- Contributed byÌý
- SylviaHill
- People in story:Ìý
- SYLVIA MARGARET HILL & BURNS FAMILY
- Location of story:Ìý
- STOCKPORT, NORTH CHESHIRE
- Background to story:Ìý
- Civilian
- Article ID:Ìý
- A2734247
- Contributed on:Ìý
- 11 June 2004
CHESHIRE MEMORIES OF WORLD WAR II
Most of my memories of the second world war are related to the Davenport Theatre which my family – the Burns family – owned and ran. The war years were the zenith of the cinema industry drawing hundreds of people to every performance and crowds of people on a Saturday night. My grandmother worked in the advance booking office, which as the owner she had no need to do, but she liked to have daily contact and keep her finger on the pulse of the business. After bookings had closed for the night we would all walk round to her home in the flats at 49 The Crescent, Davenport, Stockport in North Cheshire, in the pitch black with small hand-held torches to light the way. The dark was intense, and our mile-long walk was very familiar, which was a good thing because there was nothing to guide our steps. The sirens would wail, there would be bangs and searchlights in the sky but we always arrived home safely and without incident. One would hesitate to take such a walk in the dark today, even with the aid of modern street lighting.
The large Victorian house which my grandmother had converted into two flats had cellars which were made into air raid shelters. Many a night I remember falling asleep upstairs in my own bed and waking hours later downstairs in the cellar where my father had carried me. I would lie and listen to the conversation of the grown-ups sitting in the candlelight and the discussion was mainly what my grandmother was going to do to Mr Hitler if she could get her hands on him. My grandmother’s sister lived before the war in Nice on the south coast of France, and during the occupation she managed to arrange a passage on a boat to England, leaving all her possessions behind her in France. After many months she arrived in England and came to live with her sister in Stockport, which was rather a trial for both of them as they didn’t really get on together very well. At the very first opportunity she returned to Nice to resume her former way of life.
My parents owned a bungalow in Gatley where my brother and I were born in the 1930s, but in the early days of the war our home was damaged by bomb blast from incendiaries dropped on the nearby golf course which the bombers mistook for Ringway airfield not far away. Many a morning on the way to school there would be a fresh crater on the golf course, or one of the bungalows on Styal Road would have disappeared completely overnight. When the warning siren sounded my father would load us all up in his old Austin 16 with blankets and a mattress covering the back seat for my brother and myself to sleep on, and take us out in the country away from the bombs which might fall on and around the airfield. To us children this was dead exciting – to be travelling around in the car while everyone else was in bed asleep. One night we returned home after the all clear had sounded to find the damage which had been done. The only building work allowed during the war was to repair war damaged houses, so our family had to move out whilst work took place. We moved into the spare flat in grandmother’s house in the Crescent, Davenport, and I would have been 4 to 5 years old at that time. I remember having my fifth birthday in the lovely garden there.

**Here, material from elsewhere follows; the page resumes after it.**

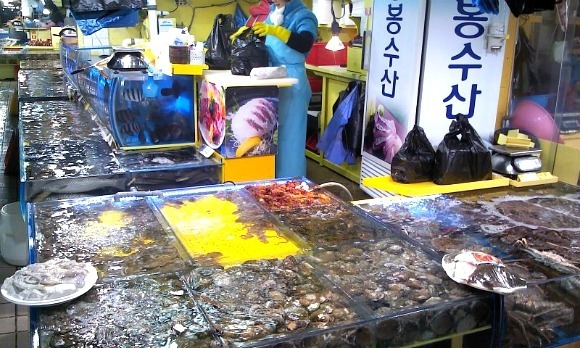 전국종합어시장 이미지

I have many other memories of the war – the shortages – the ration books – the simplicity of entertainment compared to today – Tommy Handley and ITMA - the cold in the winter without today’s central heating – the thrill we had over quite simple things like a new doll or a picture book. One of my birthday presents at this time was a packet of wool from an auntie – unheard of luxury! My mother knitted a cardigan out of it for me but there was only enough wool for it to have short sleeves and much to my chagrin it had to have some coloured stripes put in to eke out the wool supply.
My main memory though is of the spirit around at the time. People were kind to each other and helped out. If one had sufficient food you might make a gift of some to one who was short. There was a spirit of all pull together against the common enemy – back to Mr Hitler again – and a great sense of Englishness and national pride. How dare the Germans think we were going to surrender our British way of life? The country was united in its struggle to win the war and the desperate shortages after the war made one wonder whether we really had won it in the end – but that’s another story.